The balance between manifest evil and immanent good is maintained by a widely different process in the work of Shakespeare and most of his contemporaries. Except for a few extra-dramatic conventions irrelevant to the present issue, these plays are wholly dramatic in form, and such comment as there is is necessarily implicit. But here an outer and an inner action can be distinguished clearly; the outer, like the action of the Oresteia, presents by its story the reading of life which observes and admits the nature of evil and of suffering; again, as in Aeschylus's play, with that element of implicit comment which is inseparable from emphasis and selection. But behind this, coextensive with and yet frequently independent of it, is action on another plane of being which we may regard as an inner action, made up of the experiences of the minds, the thought-life of the characters. Though the distinction between the two does not become so marked in drama as to force itself upon the reader's observation until perhaps the middle of the nineteenth century,4 it is already visible in that of Shakespeare, and it is upon this inner action that the function devolves of maintaining tragic equilibrium by counterpoising the presentation of evil in the outer action. The thought-world of Cordelia or of Kent has relatively little effect upon the course of those events in Lear that are shaped by and shape the other characters; but it is of immense effect in our final impression of the universe revealed by the play, reaching its triumph in certain passages that, looking through death, create the harmony of the play.
To some degree already in Shakespeare, as in all major dramatists, a third means of balance is disclosed, and in a few, of a rare quality, it appears to be the only means and to work alone. Perhaps the earliest instances of this kind are to be found in some of the plays of Sophocles,5 where the interpretative function of the choric odes is less than in those of Aeschylus; here the balance is achieved within the strictly dramatic part of the play, yet without the help of any discernible separate inner action. The presence of a beneficent world-order, of immanent good, is implied in such plays as Oedipus or Macbeth by the presence of form6 as an integral part of the work of art even when evil or suffering is the theme. The impression left upon the mind is of an equilibrium between the manifestation of evil and the embodiment of the principle of order. Beauty of form and expression then represent by implication the forces of righteousness and beneficence of which Aeschylus speaks directly in the choric odes. In plays of this group, harmony of form is achieved despite the inherent evil or hideousness of the theme, and so profound is the transmutation that it becomes an image of that reconciliation by which order and beauty convert all things into themselves, by which the Erinyes become the Eumenides and we pass from an Inferno to a Paradiso.
We have already noticed that on either side of this central group, in which the equilibrium of tragedy is thus maintained, there are to be found other types of great tragic drama in which the balance is threatened by a greater emphasis upon the positive or the negative interpretation, by the acceptance in the poet's mind primarily of the latent or potential good or of the manifest evil. Poets who differ as widely as Milton and Ibsen may be found in the first group and those as far apart as Euripides, Marlowe, and Strindberg in the second.
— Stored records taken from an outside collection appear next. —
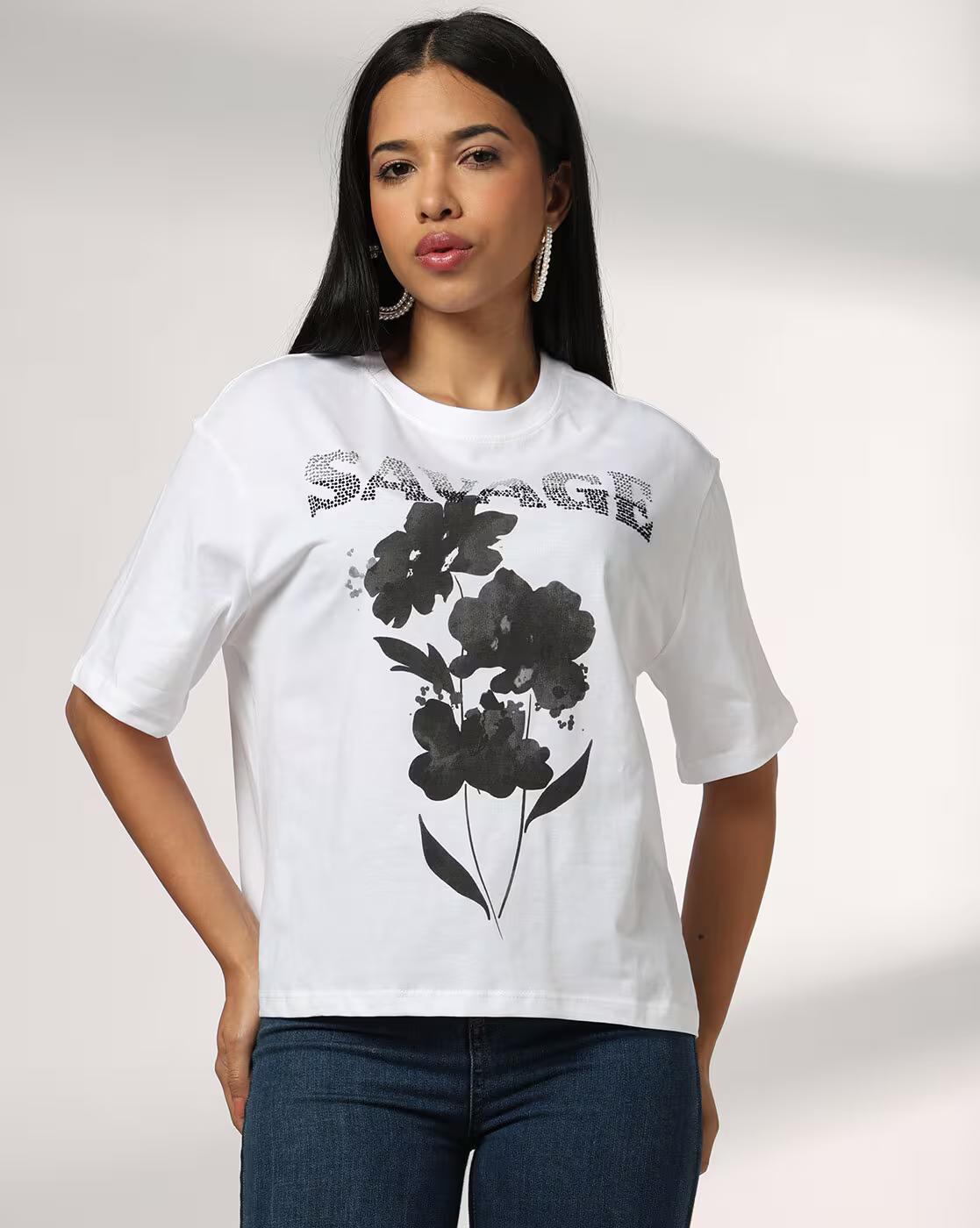 Women Graphic Print Boxy Fit Crew-Neck T-Shirt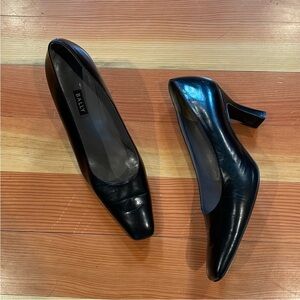 Bally Classic Black Leather Pumps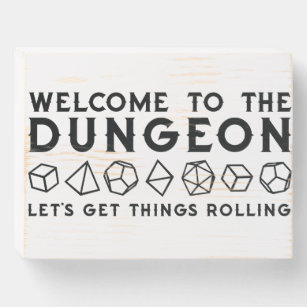 Señal Decorativa De Madera Welcome To The Dungeon Lets Get Rolling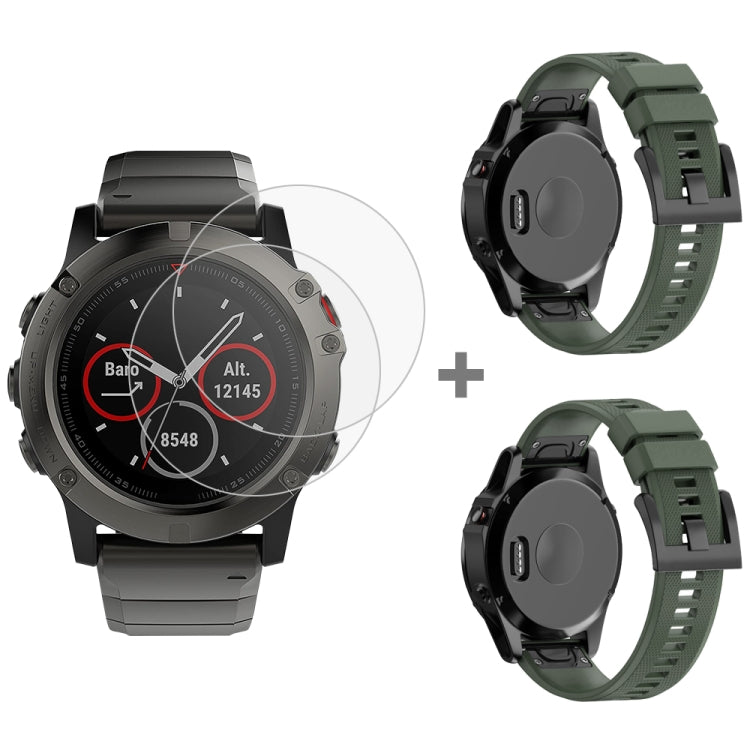 For Garmin Fenix 5X 26mm 2pcs Quick Removable Silicone Watch Band with 2pcs Tempered Glass Film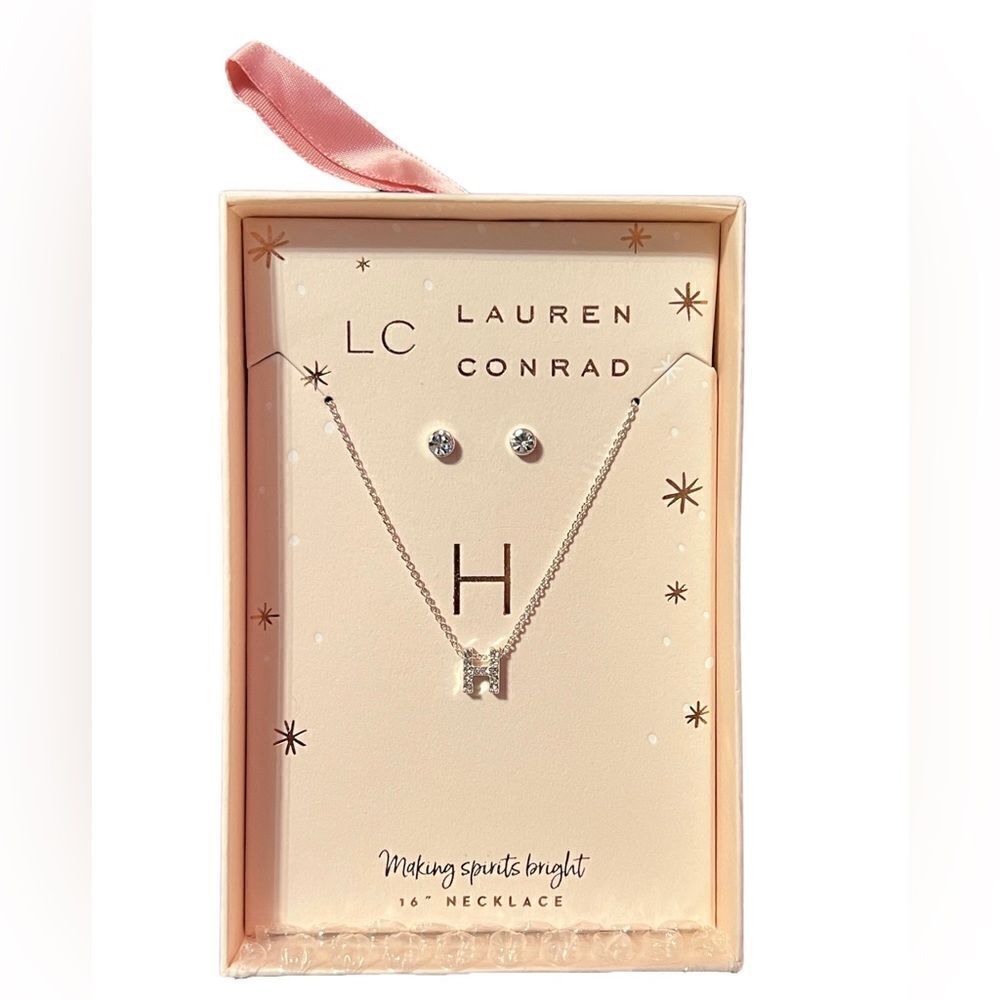 NWT LC Lauren Conrad Christmas Ornament Rhinestone H Necklace And Stud Earrings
In Milton's Samson Agonistes we found a peculiarly clear instance of that overbalancing in the direction of positive interpretation which is inseparable from religious drama and renders its strict form incompatible with tragedy. What was there said of Milton may be said, with certain modifications in detail, of Calderon at one extreme and of certain modern plays at the other.7 But not all the plays that overset the balance on the positive side are religious drama, nor is the dissolution of the tragic mood always effected by a progression into beatitude. The last hundred years have produced notable groups of plays which lay so strong an emphasis upon the remediable nature of evil and indicate so strong a confidence in the near or immediate removal of suffering by the modification of social conditions that they cease to be tragedy as surely, though by a different road, as does religious drama. Ibsen, whose social problem plays are largely responsible for the growth of this kind, seldom wrote plays of even technically tragic form while his belief in this social amelioration was at its height.8 But the heritage passes to his successors, Hauptmann and Toller in Germany, Galsworthy in England, Odets in America, and a host of others in both continents.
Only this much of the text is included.